Copy every line that contains the string "White" from the entries below.

- - - - -

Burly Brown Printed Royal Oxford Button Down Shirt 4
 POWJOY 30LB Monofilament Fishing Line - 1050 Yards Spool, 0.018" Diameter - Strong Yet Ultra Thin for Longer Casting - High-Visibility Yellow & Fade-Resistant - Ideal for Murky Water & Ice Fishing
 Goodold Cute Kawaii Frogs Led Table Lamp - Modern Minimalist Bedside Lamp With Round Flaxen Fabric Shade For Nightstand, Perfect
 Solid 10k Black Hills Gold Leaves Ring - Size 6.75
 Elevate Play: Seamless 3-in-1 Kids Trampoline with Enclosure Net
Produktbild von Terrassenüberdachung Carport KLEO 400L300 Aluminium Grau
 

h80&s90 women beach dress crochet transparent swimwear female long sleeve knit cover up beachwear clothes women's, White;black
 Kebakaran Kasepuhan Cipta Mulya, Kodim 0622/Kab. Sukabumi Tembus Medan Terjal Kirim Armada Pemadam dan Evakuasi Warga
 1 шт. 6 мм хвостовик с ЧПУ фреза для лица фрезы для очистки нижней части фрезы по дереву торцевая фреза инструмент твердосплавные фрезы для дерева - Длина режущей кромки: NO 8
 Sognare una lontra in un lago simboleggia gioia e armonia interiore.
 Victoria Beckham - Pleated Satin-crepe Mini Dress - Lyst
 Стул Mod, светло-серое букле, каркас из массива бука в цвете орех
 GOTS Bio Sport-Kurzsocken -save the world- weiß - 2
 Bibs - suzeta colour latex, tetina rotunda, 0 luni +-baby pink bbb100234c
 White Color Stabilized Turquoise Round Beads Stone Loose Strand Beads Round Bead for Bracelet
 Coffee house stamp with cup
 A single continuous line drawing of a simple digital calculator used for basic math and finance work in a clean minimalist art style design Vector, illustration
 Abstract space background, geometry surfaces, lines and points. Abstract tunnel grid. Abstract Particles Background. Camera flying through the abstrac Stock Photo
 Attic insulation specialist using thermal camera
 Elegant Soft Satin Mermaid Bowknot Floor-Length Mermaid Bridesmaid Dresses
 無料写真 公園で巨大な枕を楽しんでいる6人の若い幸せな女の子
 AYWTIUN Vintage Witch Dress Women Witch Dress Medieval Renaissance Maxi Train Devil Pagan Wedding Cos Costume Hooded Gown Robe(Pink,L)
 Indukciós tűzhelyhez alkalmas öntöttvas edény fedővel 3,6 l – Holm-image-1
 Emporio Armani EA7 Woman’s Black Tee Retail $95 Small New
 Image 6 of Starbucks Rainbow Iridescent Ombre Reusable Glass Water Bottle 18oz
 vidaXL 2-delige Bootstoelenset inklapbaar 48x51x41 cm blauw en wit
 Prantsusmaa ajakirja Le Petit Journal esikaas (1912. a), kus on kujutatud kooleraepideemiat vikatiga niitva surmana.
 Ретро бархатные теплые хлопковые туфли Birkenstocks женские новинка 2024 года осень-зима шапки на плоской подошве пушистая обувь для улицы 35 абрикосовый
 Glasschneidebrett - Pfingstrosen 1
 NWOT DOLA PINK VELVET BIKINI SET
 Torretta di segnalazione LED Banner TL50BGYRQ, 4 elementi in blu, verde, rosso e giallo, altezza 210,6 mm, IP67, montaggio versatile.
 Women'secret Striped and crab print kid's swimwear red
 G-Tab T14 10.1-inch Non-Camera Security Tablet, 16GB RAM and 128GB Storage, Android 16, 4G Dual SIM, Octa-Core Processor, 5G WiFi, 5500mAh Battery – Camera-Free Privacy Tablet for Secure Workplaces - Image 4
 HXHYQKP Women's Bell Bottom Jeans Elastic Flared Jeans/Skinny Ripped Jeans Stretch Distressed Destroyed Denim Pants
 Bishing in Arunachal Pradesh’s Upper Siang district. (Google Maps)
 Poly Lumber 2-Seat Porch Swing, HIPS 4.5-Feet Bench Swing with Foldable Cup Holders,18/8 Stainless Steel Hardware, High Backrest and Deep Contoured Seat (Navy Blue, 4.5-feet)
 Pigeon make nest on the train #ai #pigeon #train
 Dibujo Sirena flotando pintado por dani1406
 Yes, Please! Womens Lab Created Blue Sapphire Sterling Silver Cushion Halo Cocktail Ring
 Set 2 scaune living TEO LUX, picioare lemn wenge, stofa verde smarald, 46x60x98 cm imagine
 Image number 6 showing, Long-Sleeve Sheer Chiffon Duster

- - - - -

OUTPUT FOR THIS EXERCISE:
h80&s90 women beach dress crochet transparent swimwear female long sleeve knit cover up beachwear clothes women's, White;black
 White Color Stabilized Turquoise Round Beads Stone Loose Strand Beads Round Bead for Bracelet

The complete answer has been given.